• Exercise description: A faithful copy of every record is needed here. Images must not appear in it.

(Short descriptive text snippets)
>>>
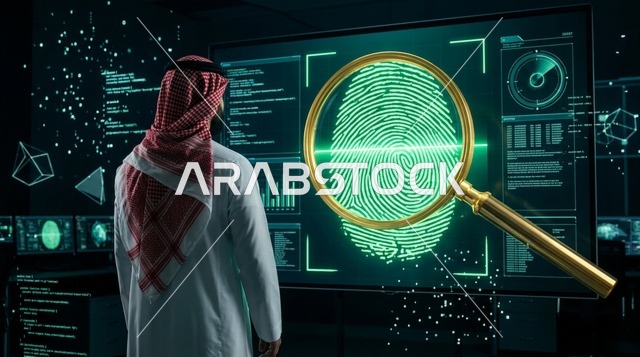 رجل سعودي يحلل بصمة الإصبع البيومترية على شاشة رقمية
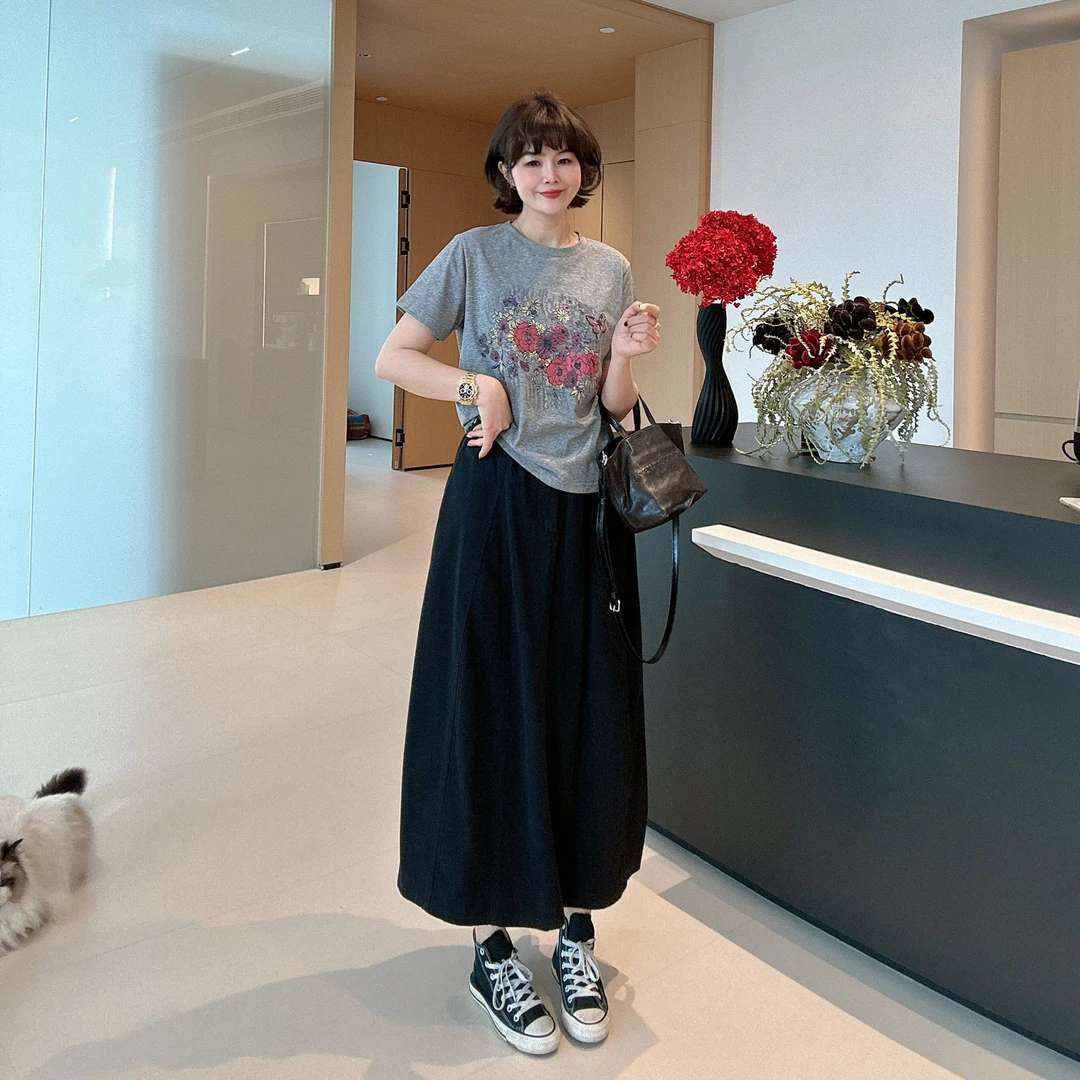 春秋工装风立体裁剪花苞裙松紧腰半身裙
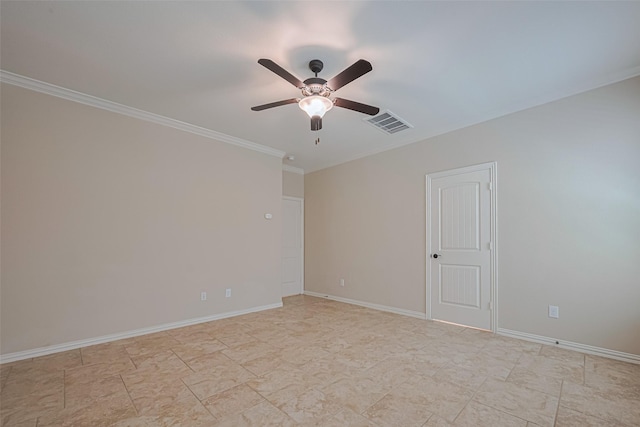 20619 Cactus Lake Ln, Richmond, TX 77407 - unfurnished room with a ceiling fan, crown molding, and baseboards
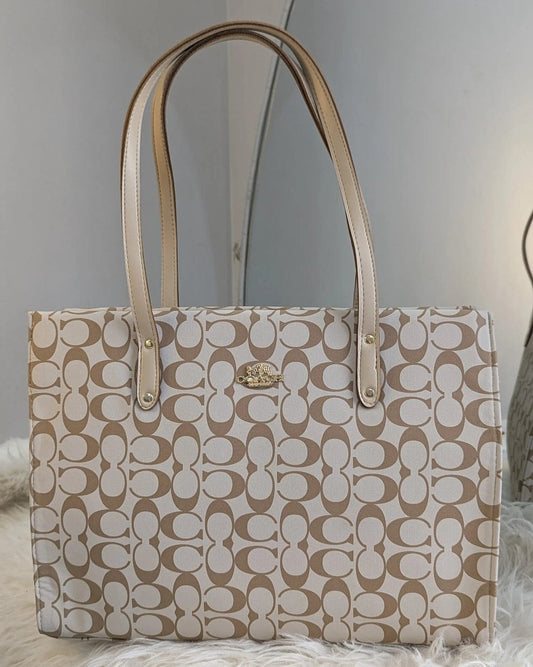 Coach Eleganza Tote Nude Beige Classic Bag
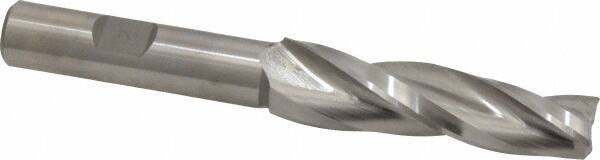 Made in USA - 2° Taper Angle per Side, 1/2" Small End Diam, 2-1/4" LOC, High Speed Steel 3 Flute Tapered Square End Mill - 4-1/4" OAL, 1/2" Shank Diam, Spiral Flute - Eagle Tool & Supply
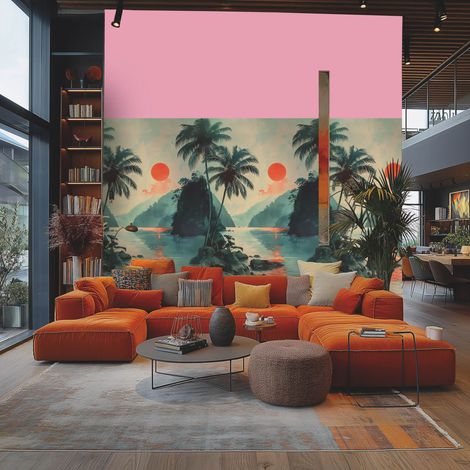 Papier peint photo Profhome 790165 papier peint intissé gaufré à chaud légèrement texturé avec un dessin nature mat vert beige orange bleu 1,59 m x 2,8 m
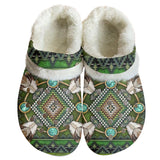 Powwow StoreGBNAT00023 Pattern Native American Classic Clogs with Fleece Shoes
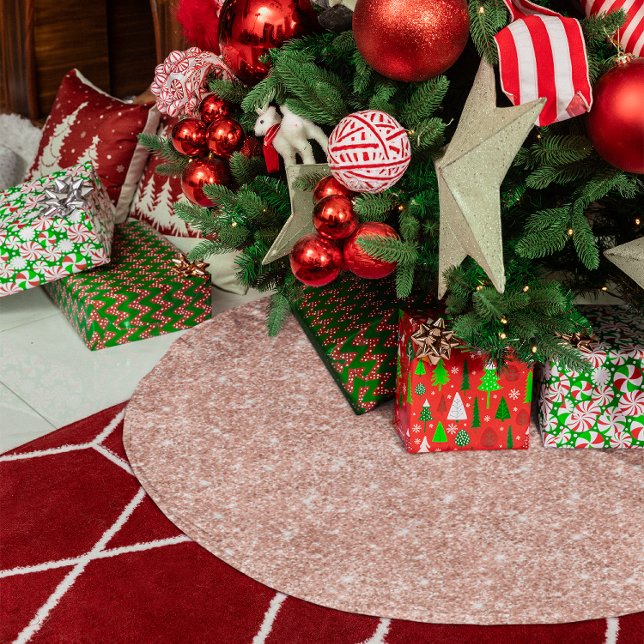Saia Para Árvore De Natal De Poliéster Glitter Dourado Rosa Blush (Blush Rose Gold Glitter Glam Brushed Polyester Tree Skirt)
<<<
• Exercise solution:
 رجل سعودي يحلل بصمة الإصبع البيومترية على شاشة رقمية
 春秋工装风立体裁剪花苞裙松紧腰半身裙
 20619 Cactus Lake Ln, Richmond, TX 77407 - unfurnished room with a ceiling fan, crown molding, and baseboards
 Coach Eleganza Tote Nude Beige Classic Bag
 Made in USA - 2° Taper Angle per Side, 1/2" Small End Diam, 2-1/4" LOC, High Speed Steel 3 Flute Tapered Square End Mill - 4-1/4" OAL, 1/2" Shank Diam, Spiral Flute - Eagle Tool & Supply
 Papier peint photo Profhome 790165 papier peint intissé gaufré à chaud légèrement texturé avec un dessin nature mat vert beige orange bleu 1,59 m x 2,8 m
 Powwow StoreGBNAT00023 Pattern Native American Classic Clogs with Fleece Shoes
Saia Para Árvore De Natal De Poliéster Glitter Dourado Rosa Blush (Blush Rose Gold Glitter Glam Brushed Polyester Tree Skirt)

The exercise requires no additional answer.